After trial on the merits, in its Decision dated June 10, 2014 the RTC convicted Cabezudo of the crime charged. The dispositive portion of the said Decision reads:

WHEREFORE, all the foregoing premises considered, the accused EDWIN CABEZUDO y RIEZA is hereby found GUILTY beyond reasonable doubt of the crime of Violation of Section 5, Article II of Republic Act No. 9165, otherwise known as The Comprehensive Dangerous Drugs Act of 2002. He is hereby sentenced to suffer the penalty of LIFE IMPRISONMENT, and to pay a fine of Five Hundred Thousand Pesos (PhP500,000.00).

The 0.10 gram of methamphetamine hydrochloride or shabu is hereby confiscated in favor of the government to be turned over to the Philippine Drug Enforcement Agency (PDEA) for proper disposition.

The amount of PhP18,000.00 confiscated from the accused is hereby ordered released to the accused for lack of any legal basis.

SO ORDERED.[10]


The RTC ruled that the evidence on record were sufficient to pronounce a verdict of conviction against Cabezudo.[11] It held that there was testimony to the effect that the buy-bust operation was a legitimate one; hence, there was sufficient proof on record that the sale took place.
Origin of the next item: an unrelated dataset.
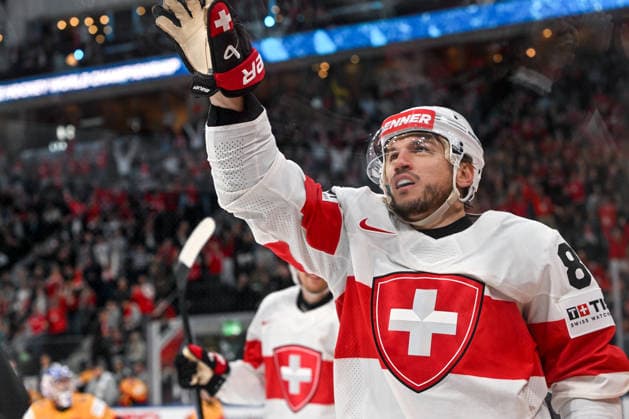 ZURICH, SWITZERLAND - MAY 18: Sven Andrighetto of Switzerland celebrates his goal during the 2026 IIHF Ice hockey, Eishockey World Championship, WM, Weltmeisterschaft Switzerland game between Germany and Switzerland at Swiss Life Arena on May 18, 2026 in Zurich, Zurich. Zurich Swiss Life Arena Zurich Switzerland Copyright: xJustPictures.ch AndreaxBrancax jp-en-EuSpIm-JP7_ANB_Ger_Sui_18052026_2376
Furthermore, it ruled that the defenses of denial and frame-up are commonly looked by the courts with disfavor as they could easily be concocted and are, in fact, common defenses in prosecutions for sale of dangerous drugs. The RTC added that the apprehending officers in this case enjoy the presumption of regularity in the performance of their official functions.[12]

Aggrieved, Cabezudo appealed to the CA.

Ruling of the CA


In the questioned Decision dated November 16, 2016, the CA affirmed the RTC's conviction of Cabezudo, holding that the prosecution was able to prove the elements of the crimes charged. The CA declared that since the main issue of the case was the integrity and evidentiary value of the seized item, then the findings of the trial court should be given great weight and respect as it was in a better position to decide the credibility of evidence.[13] It likewise upheld the finding of the RTC that the elements of illegal sale of dangerous drugs were sufficiently proven in the present case.[14]

The CA added that, contrary to Cabezudo's contention, the integrity of the corpus delicti was preserved because "the chain of custody [was] unbroken from the time of markings, inventory and laboratory examination up to the presentation to the court of the sachet containing shabu." The CA noted that "non-compliance with Section 21 [of RA 9165] does not render an accused's arrest illegal or the items seized/confiscated from him inadmissible [and the] requirements under R.A. No. 9165 and its Implementing Rules and Regulations (IRR) are not inflexible."[15]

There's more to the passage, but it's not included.